I do believe Auth0 can be the miracle cure for my pains of user credentials in future apps. However, I have a few teething problems getting to use it how I want.
In short, I want all my users to have a public username property, (it’s a social project).
That’s very easy with the database connection setting. That updates the ‘username’ on the user profile which is checked for uniqueness on any signup using that method.
If then, I have another user log in with a social account, e.g. Facebook, I want to request for them to have a username. Once I have that, I want to update the user profile, but the only place I can do that is in the user_metadata.
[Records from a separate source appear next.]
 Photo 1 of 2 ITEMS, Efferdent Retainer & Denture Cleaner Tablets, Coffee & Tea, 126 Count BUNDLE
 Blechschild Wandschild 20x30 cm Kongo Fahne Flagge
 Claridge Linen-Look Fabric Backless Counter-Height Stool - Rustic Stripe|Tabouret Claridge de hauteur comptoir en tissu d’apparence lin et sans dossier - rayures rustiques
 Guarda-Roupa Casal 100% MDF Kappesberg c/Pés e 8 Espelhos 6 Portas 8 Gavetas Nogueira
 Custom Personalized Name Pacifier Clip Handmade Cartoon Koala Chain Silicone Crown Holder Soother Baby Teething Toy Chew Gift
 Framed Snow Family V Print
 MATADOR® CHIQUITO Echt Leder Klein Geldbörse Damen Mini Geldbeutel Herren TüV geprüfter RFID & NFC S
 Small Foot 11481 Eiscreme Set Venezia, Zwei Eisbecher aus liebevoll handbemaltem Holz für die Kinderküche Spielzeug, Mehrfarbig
This then leads the first problem. which is, the check for a unique username via the Auth0 username-password method at sign up only uses the root username, thus ignoring any set in user_metadata, so I could get a conflict.
Therefore, I believe one way to fix this is to use a pre-registration hook, that sets a user_metadata.username property on sign up. But…it should check to see if any other user has that username in the user_metadata already set. An example of the illegal state is below:
e.g. User A signups with password and username ‘IAmUser’…
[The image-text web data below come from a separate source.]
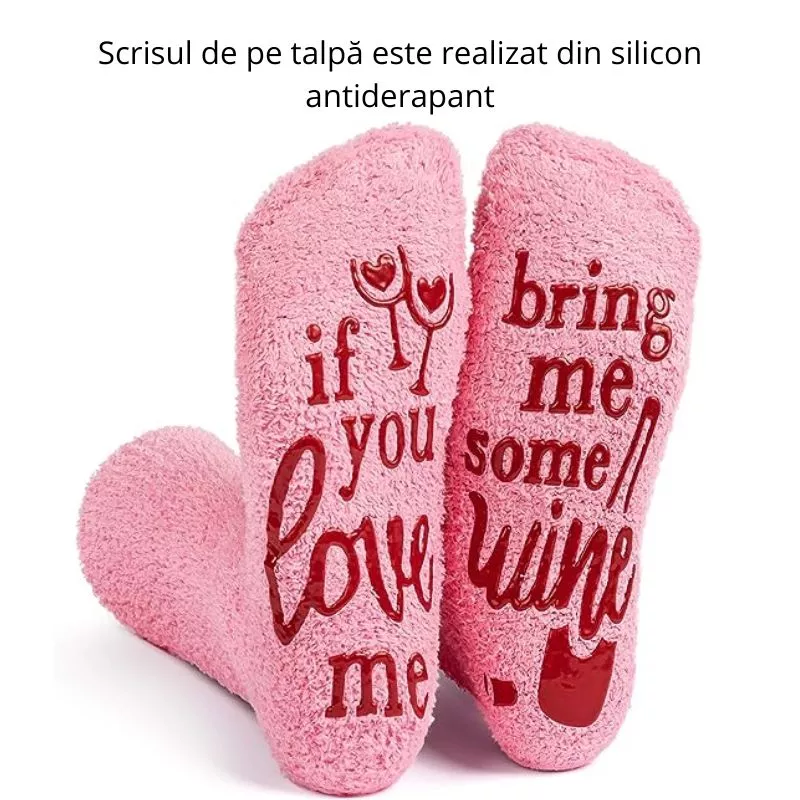 Sosete amuzante If you love me Bring Me Wine Briose roz [4]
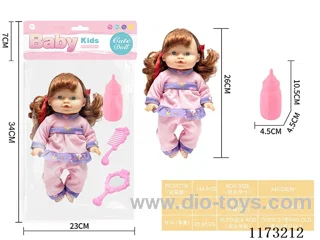26CM doll with 4-tone IC accessories: bottle + pacifier + mirror + comb (3*AG13 included)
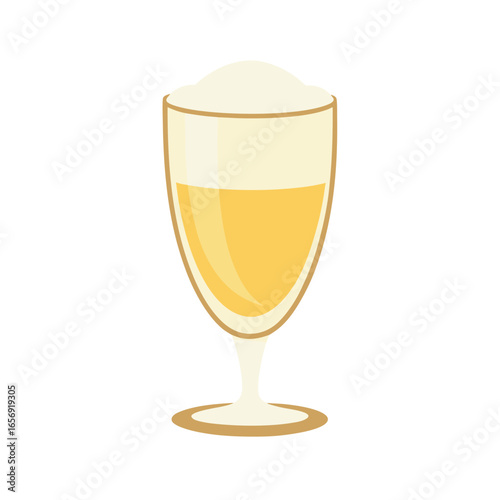 A festive glass of eggnog on a white background vector illustration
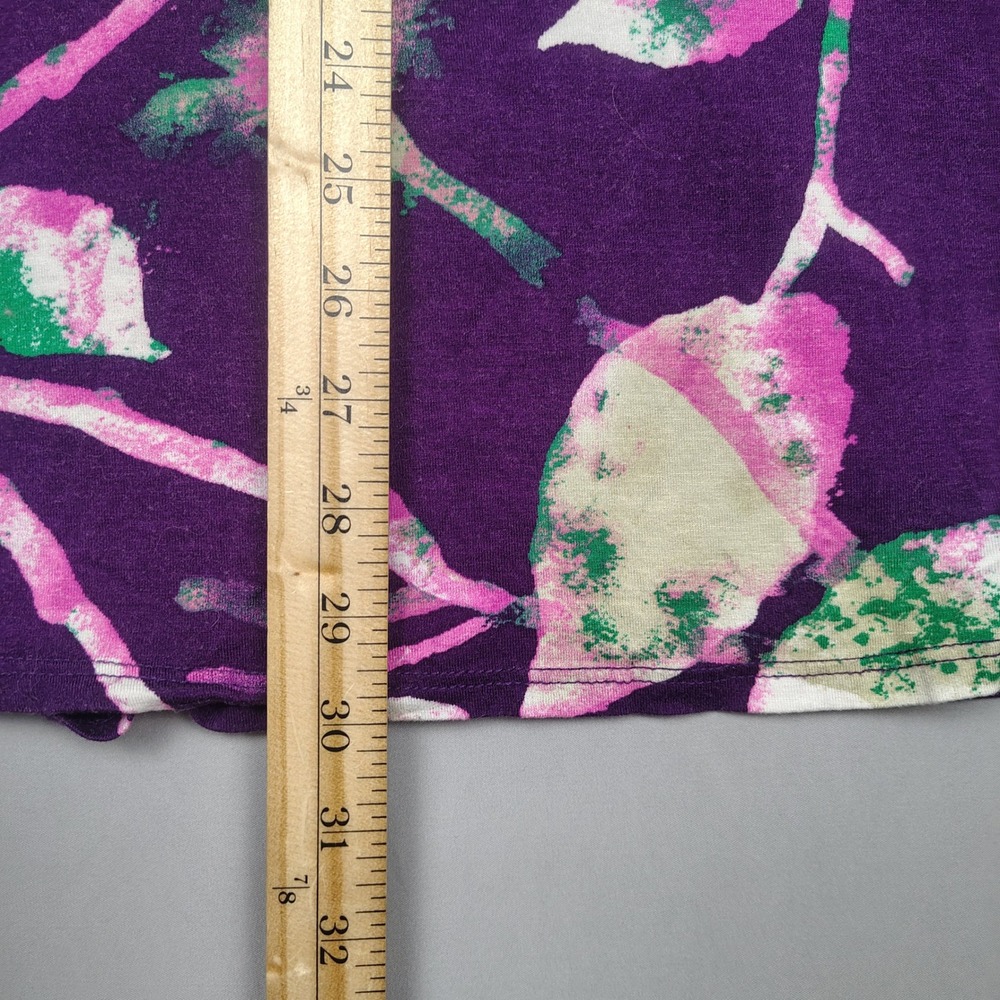 LuLaRoe Tunic Top Women 2XL Purple Floral Leaf Print Rayon Spandex Stretch - Picture 5 of 7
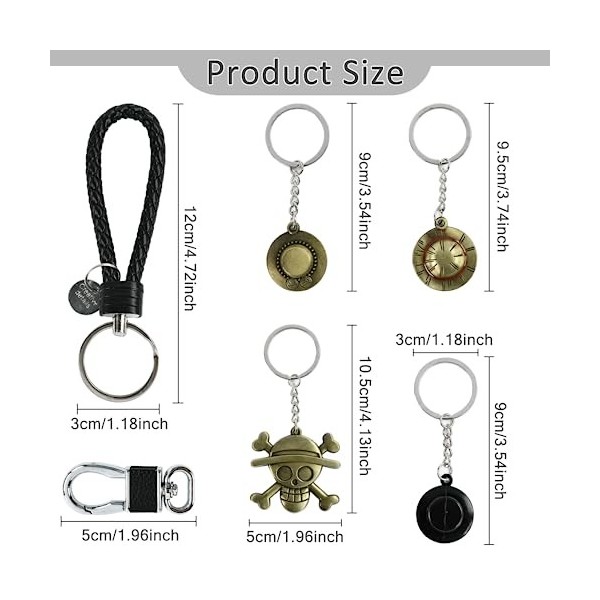 Porte Clef One Piece Porte Clés Manga Luffy Chapeau de Paille et Squelette Keychain Pendentif One Piece Accessoire Cosplay, C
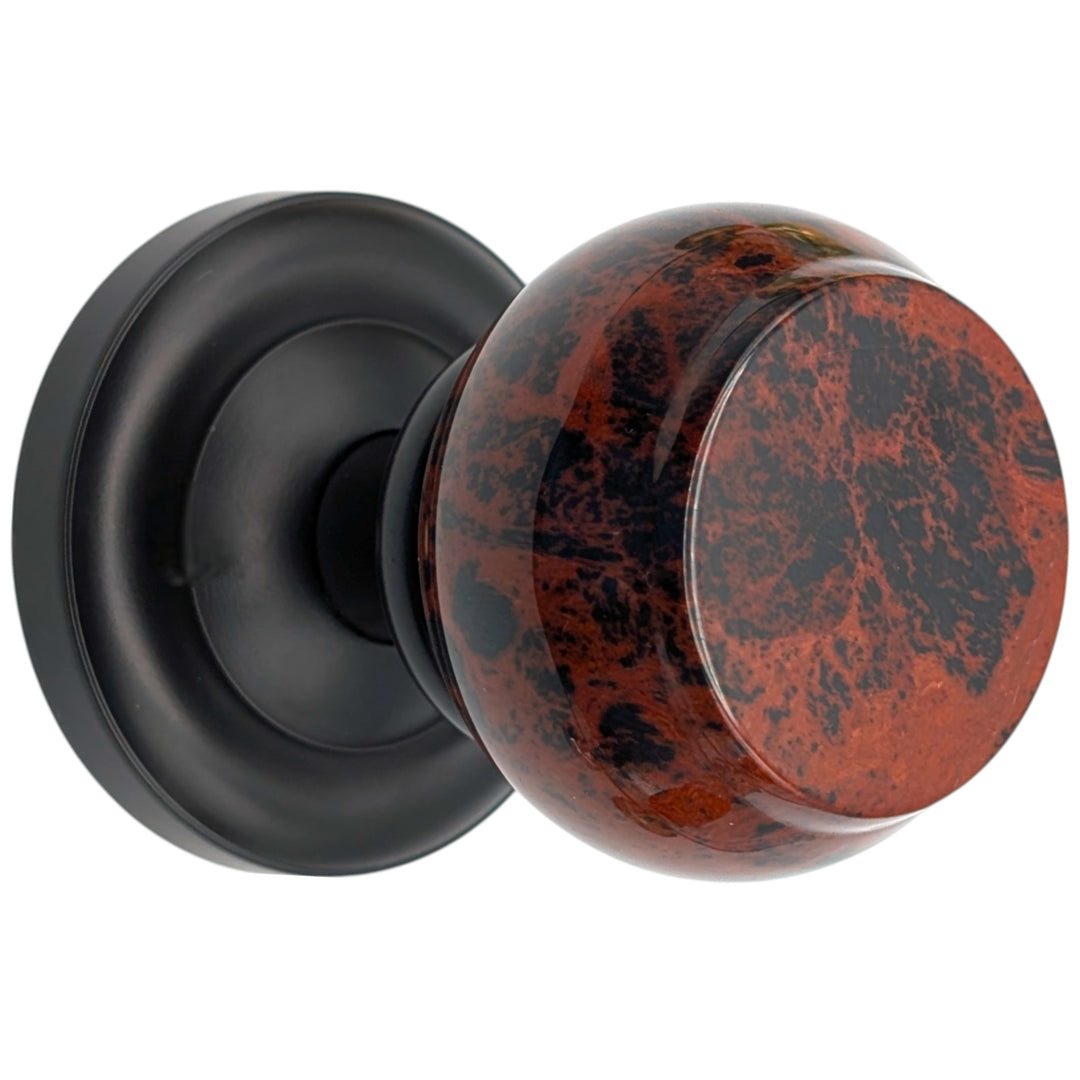 ##Antique Hardware## Magnifique™ Classic Door Set with Mahogany Obsidian Knobs (Several Finishes Available)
*{username: 'IAmUser', user_metadata: {username: 'IAmUser'}}*
User B signups with Facebook, middle tier sets the user_metadata to chosen username ‘IBeUser’
*{username: , user_metadata: {username: 'IBeUser'}}*
User C signsups with password and username ‘IBeUser’
*{username: 'IBeUser', user_metadata: {username: 'IBeUser'}}*
User C succeeds by default because Auth0.com process only checks the root username.
I am unsure how, during the pre-registration hook, to search other users metadata for the existing of the proposed username (kinda overriding auth0’s default unique check)
However, what I find strange, is that the root username, will then be irrelevant as the Social vs Database identities would have to use the common user_metadata. Why is it a social account can’t write to the root username property, as this would avoid all this headache!
The other option I am thinking, is to create a database connection account for anyone who logs in with a social media account, assigning them a random password (they can click forget password to reset) and a best guess username (e.g. their fullname concatenated). This would be done in my own middle tier, therefore can ensure unique username etc using the ManagementClient SDK.
Can you please advise on
- How to search all users metadata from within a hook, and on a match, raise a conflict exception to send back to the calling auth
- which option out of the two above you think is advisable
- explain why the username at root level on user profile is tied only database connections (and how does it differ to nickname)?